Multiplications of this word length, one should clarify. It's not that multiplication was an inherently more expensive or different operation back then (assuming from context here that the "old days" of coding inner loops in assembly language pre-date even the 32-bit ALU era). Binary multiplication has not changed in millennia. Ancient Egyptians were using the same binary integer multiplication logic 5 millennia ago as ALUs do today.

It was that generally the fast hardware multiplication operations in ALUs didn't have very many bits in the register word length, so multiplications of wider words had to be done with library functions that did long multiplication in (say) base 256.

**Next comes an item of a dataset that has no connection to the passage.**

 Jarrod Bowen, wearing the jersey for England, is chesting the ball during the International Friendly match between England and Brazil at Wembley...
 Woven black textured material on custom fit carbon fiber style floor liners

So this code in the headlined article would not be "three instructions" but three calls to internal helper library functions used by the compiler for long-word multiplication, comparison, and bitwise AND; not markedly more optimal than three internal helper function calls for the three original modulo operations, and in fact less optimal than the bit-twiddled modulo-powers-of-2 version found halfway down the headlined article, which would only need check the least significant byte and not call library functions for two of the 32-bit modulo operations.

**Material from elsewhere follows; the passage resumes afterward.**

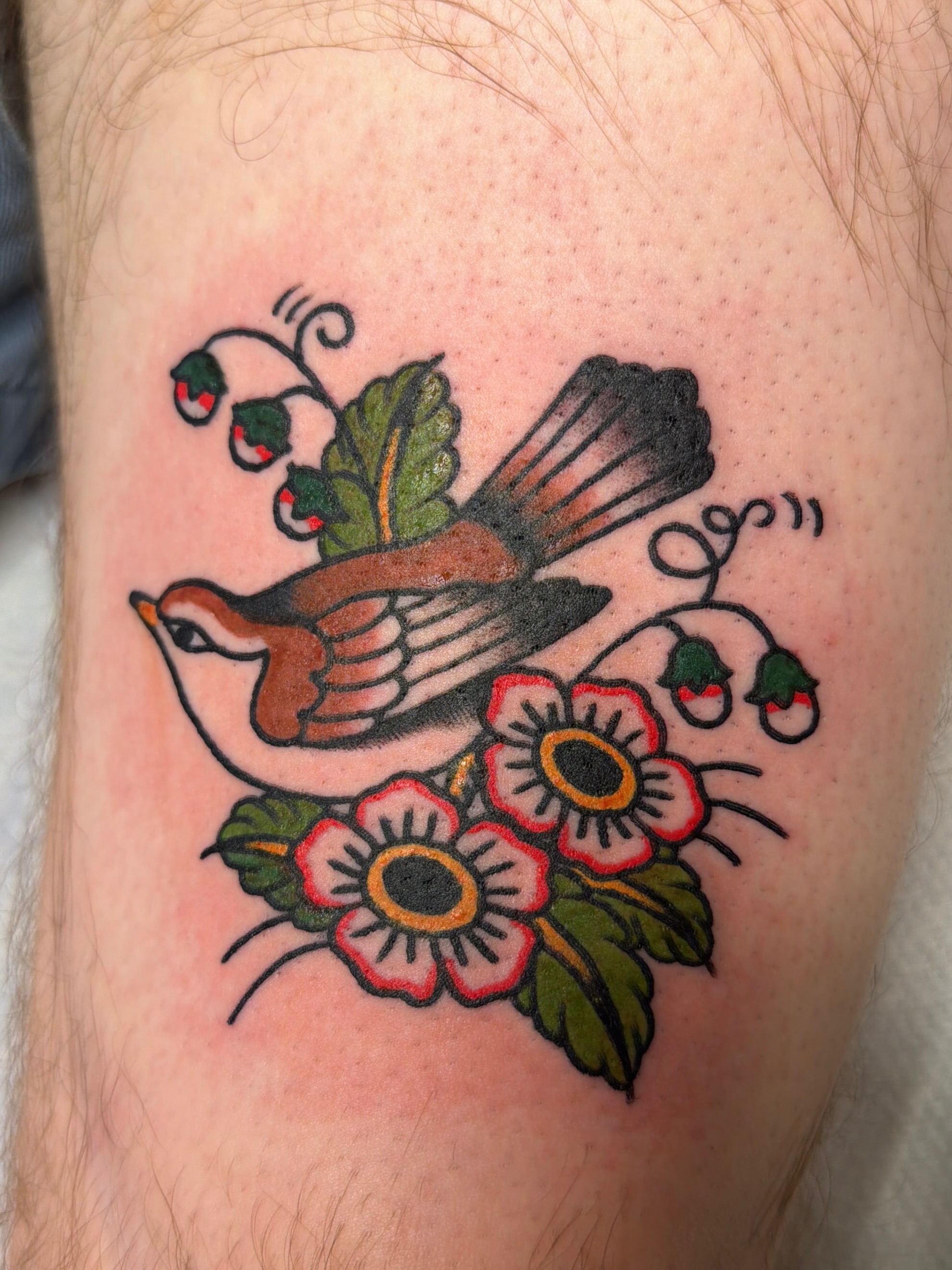 Bird and flowers American traditional tattoo on the forearm by Emma Fox Tattoo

Bonus points to anyone who remembers the helper function names in Microsoft BASIC's runtime library straight off the top of xyr head. It is probably a good thing that I finally seem to have forgotten them. (-: They all began with "B$" as I recall.

Most 8-bit CPUs didn't even have a hardware multiply instruction. To multiply on a 6502, for example, or a Z80, you have to add repeatedly. You can multiply by a power of 2 by shifting left, so you can get a bigger result by switching between shifting and adding or subtracting. Although, again, on these earlier CPUs you can only shift by one bit at a time, rather than by a variable number of bits.

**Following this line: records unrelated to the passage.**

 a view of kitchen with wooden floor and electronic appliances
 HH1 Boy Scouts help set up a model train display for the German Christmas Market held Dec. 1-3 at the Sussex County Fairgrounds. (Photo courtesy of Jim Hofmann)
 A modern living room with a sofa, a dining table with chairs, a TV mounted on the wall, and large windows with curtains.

There's also the difference between multiplying by a hard-coded value, which can be implemented with shifts and adds, and multiplying two variables, which has to be done with an algorithm.

The 8086 did have multiply instructions, but they were implemented as a loop in the microcode, adding the multiplicand, or not, once for each bit in the multiplier. More at https://www.righto.com/2023/03/8086-multiplication-microcode.... Multiplying by a fixed value using shifts and adds could be faster.

The prototype ARM1 did not have a multiply instruction. The architecture does have a barrel shifter which can shift one of the operands by any number of bits. For a fixed multiplication, it's possible to compute multiplying by a power of two, by (power of two plus 1), or by (power of two minus 1) in a single instruction. The latter is why ARM has both a SUB (subtract) instruction, computing rd := rs1 - Operand2, and a RSB (Reverse SuBtract) instruction, computing rd := Operand2 - rs1. The second operand goes through the barrel shifter, allowing you to write an instruction like 'RSB R0, R1, R1, #4' meaning 'R0 := (R1 << 4) - R1', or in other words '(R1 * 16) - R1', or R1 * 15.

ARMv2 added in MUL and MLA (MuLtiply and Accumulate) instructions. The hardware ARM2 implementation uses a Booth's encoder to multiply 2 bits at a time, taking up to 16 cycles for 32 bits. It can exit early if the remaining bits are all 0s.

Later ARM cores implemented an optional wider multiplier (that's the 'M' in 'ARM7TDMI', for example) that could multiply more bits at a time, therefore executing in fewer cycles. I believe ARM7TDMI was 8-bit, completing in up to 4 cycles (again, offering early exit). Modern ARM cores can do 64-bit multiplies in a single cycle.

  • The base RISC-V instruction set does not include hardware multiply instructions. Most implementations do include the M (or related) extensions that provide them, but if you are building a processor that doesn't need it, you don't need to include it.

> Multiplications of this word length, one should clarify. It's not that multiplication was an inherently more expensive or different operation back then (assuming from context here that the "old days" of coding inner loops in assembly language pre-date even the 32-bit ALU era). Binary multiplication has not changed in millennia. Ancient Egyptians were using the same binary integer multiplication logic 5 millennia ago as ALUs do today.

Well, we can actually multiply long binary numbers asymptotically faster than Ancient Egyptians.

See eg https://en.wikipedia.org/wiki/Karatsuba_algorithm

> Binary multiplication has not changed in millennia. Ancient Egyptians were using the same binary integer multiplication logic 5 millennia ago as ALUs do today.

It turns out that multiplication in modern ALUs is very different. The Pentium, for instance, does multiplication using base-8, not base-2, cutting the number of additions by a factor of 3. It also uses Booth's algorithm, so much of the time it is subtracting, not adding.